### RECORDS ###

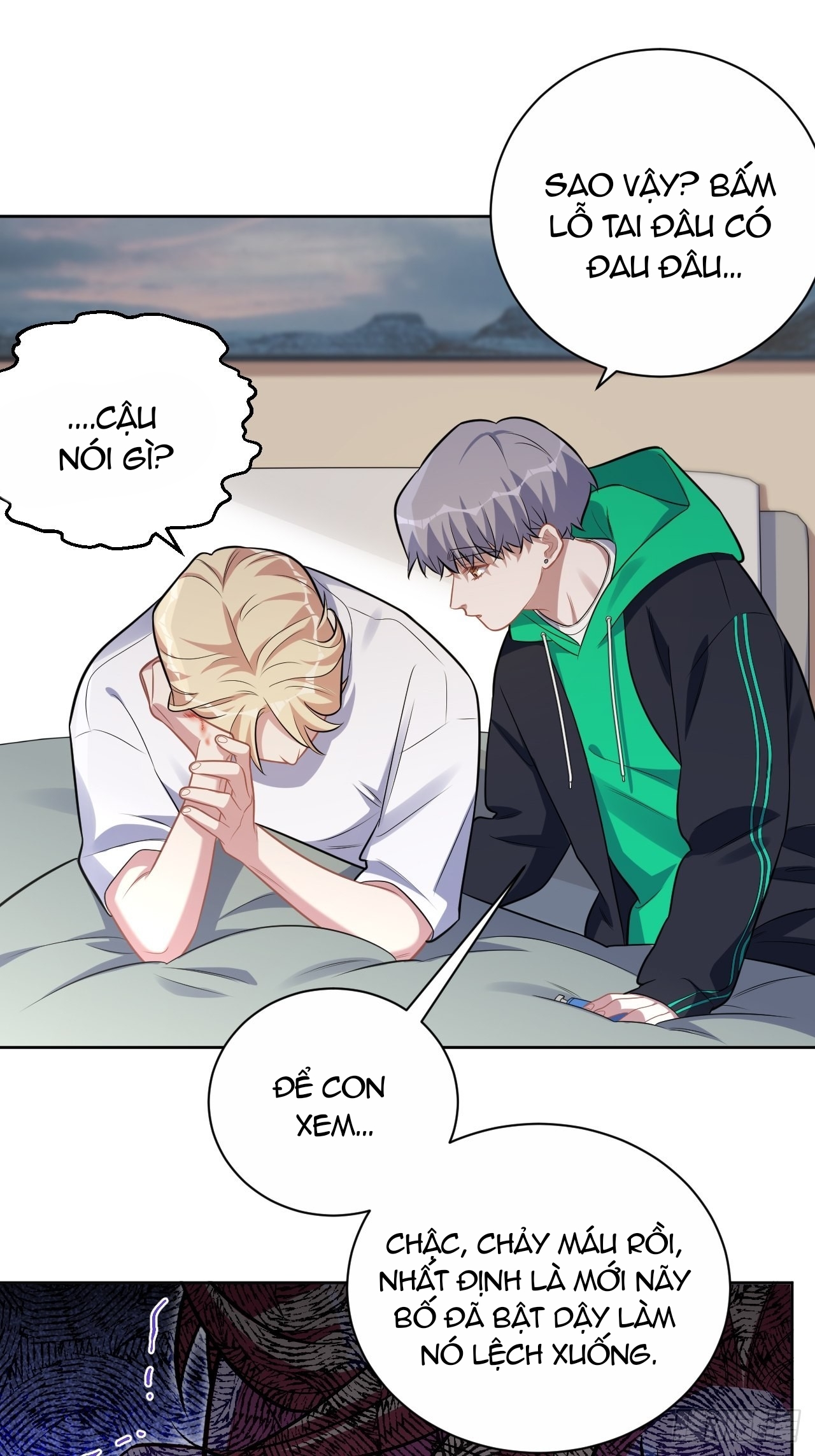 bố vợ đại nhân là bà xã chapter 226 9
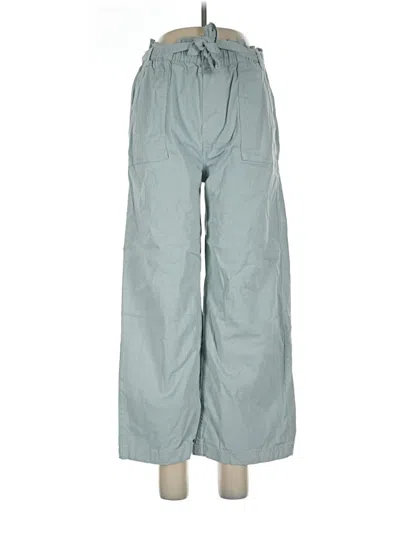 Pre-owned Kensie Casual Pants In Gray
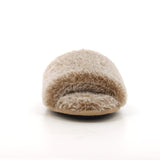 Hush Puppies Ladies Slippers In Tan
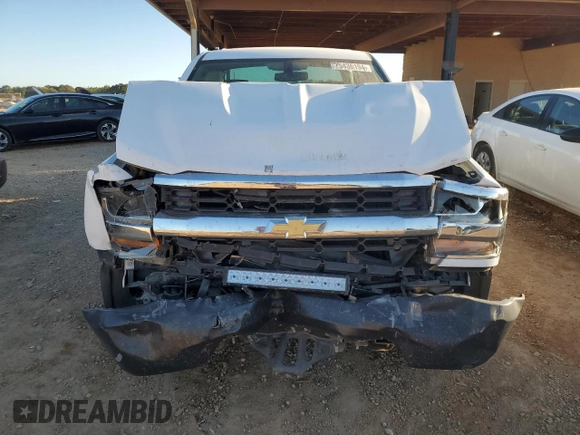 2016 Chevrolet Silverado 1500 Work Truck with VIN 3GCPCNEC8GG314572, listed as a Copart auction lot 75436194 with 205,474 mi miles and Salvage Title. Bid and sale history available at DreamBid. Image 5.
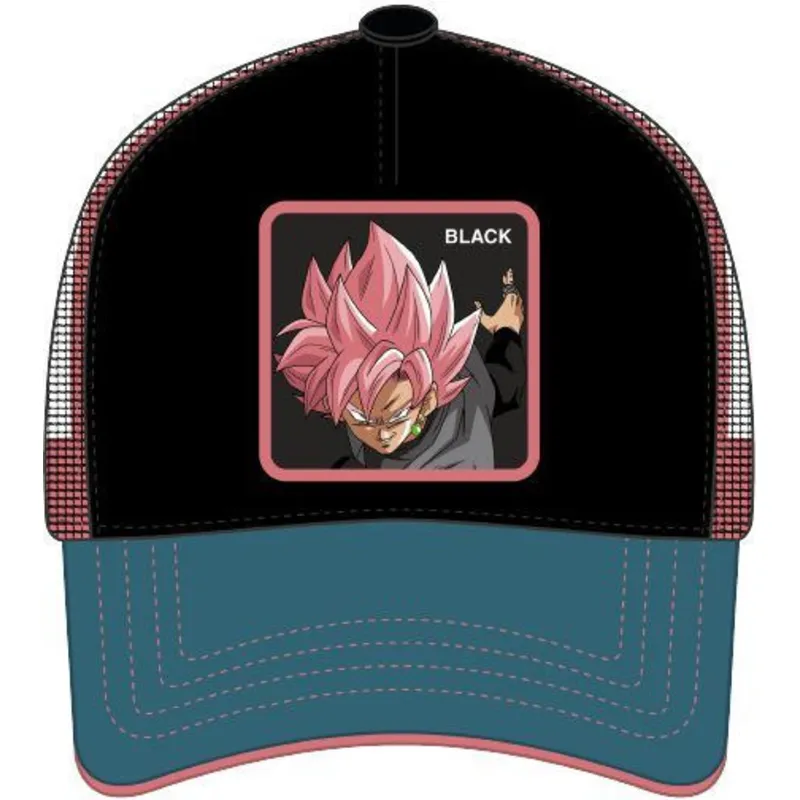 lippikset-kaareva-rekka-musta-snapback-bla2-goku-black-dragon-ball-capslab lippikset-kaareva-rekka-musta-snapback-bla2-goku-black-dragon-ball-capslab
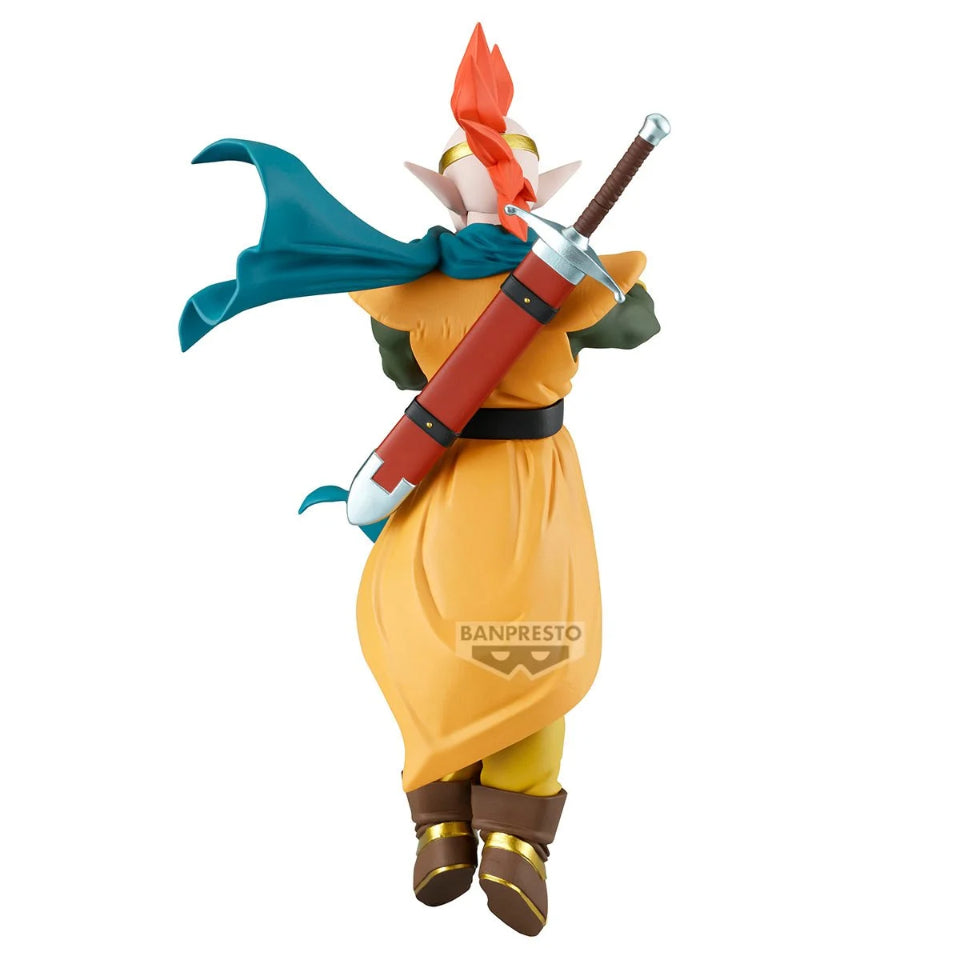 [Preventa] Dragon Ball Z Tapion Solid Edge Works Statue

###

TASK GOAL. Please, without any pictures, print each entry exactly.

FINAL ANSWER.
 bố vợ đại nhân là bà xã chapter 226 9
 Pre-owned Kensie Casual Pants In Gray
 Hush Puppies Ladies Slippers In Tan
 2016 Chevrolet Silverado 1500 Work Truck with VIN 3GCPCNEC8GG314572, listed as a Copart auction lot 75436194 with 205,474 mi miles and Salvage Title. Bid and sale history available at DreamBid. Image 5.
 lippikset-kaareva-rekka-musta-snapback-bla2-goku-black-dragon-ball-capslab lippikset-kaareva-rekka-musta-snapback-bla2-goku-black-dragon-ball-capslab
 [Preventa] Dragon Ball Z Tapion Solid Edge Works Statue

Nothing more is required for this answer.